Yuri Savelievich Zlotnikov occupies a privileged position even amongst this splendid company. Not because he’s the best-known or the most recognized. On the contrary, he’s perhaps less understood and acknowledged than the others. There’s a reason he often speaks of his creative loneliness of the “eternal avantgardist” and “eternal outsider” and refers to himself ironically as a “Latin teacher’. Not a single monograph about Zlotnikov yet exists, and his list of exhibitions is not very long. He’s not very welll known abroad and doesn’t rank among the leaders of the art market. In spite of this, however, Zlotnikov's presence in the art world is felt perhaps more than anyone else's. Even more keenly felt is the need for that presence: a true living classic, he bolsters the significance of the “institution of painting” itself and embodies the idea of “the importance and boundlessness of culture”, of the necessity in art for “imperious breadth and a feeling for the continuum of achievements in Culture which came before you". On the other hand, it's Zlotnikov who, in Ekaterina Degot's precise observation, “alone upholds all the ‘Westernness’ of Russian art, all its European, Mediterranean purity and grace”.

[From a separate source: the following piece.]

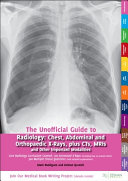 Unofficial Guide To Radiology Chest Abdominal And Orthopaedic Xrays Plus Cts Mris And Other Important Modalities 1st Edition Mark Rodrigues Zeshan Qureshi Editors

His thoughts are sweeping, his judgments all-embracing: he's not embarrassed by elevated topics, speaking his mind about the destinies of civilisations and cultures, the problems of ecology and consequences of globalisation, God and the universe, the Internet, cloning and terrorism — all as if these were his own burning personal concerns. What's more, he reacts in some unfathomable way to all of this in the coloured “squiggles” and “curlicues” of his abstract art.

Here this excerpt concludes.